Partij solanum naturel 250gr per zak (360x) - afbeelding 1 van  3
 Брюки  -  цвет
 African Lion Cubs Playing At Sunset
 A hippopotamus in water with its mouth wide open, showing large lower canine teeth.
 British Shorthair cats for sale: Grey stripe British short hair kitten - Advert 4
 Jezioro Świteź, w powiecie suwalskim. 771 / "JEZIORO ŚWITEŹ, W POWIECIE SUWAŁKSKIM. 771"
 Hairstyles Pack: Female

· · · · · · ·

• **Description of the task**
The data above should be output exactly, with each line intact.

• **Task result**
Partij solanum naturel 250gr per zak (360x) - afbeelding 1 van  3
 Брюки  -  цвет
 African Lion Cubs Playing At Sunset
 A hippopotamus in water with its mouth wide open, showing large lower canine teeth.
 British Shorthair cats for sale: Grey stripe British short hair kitten - Advert 4
 Jezioro Świteź, w powiecie suwalskim. 771 / "JEZIORO ŚWITEŹ, W POWIECIE SUWAŁKSKIM. 771"
 Hairstyles Pack: Female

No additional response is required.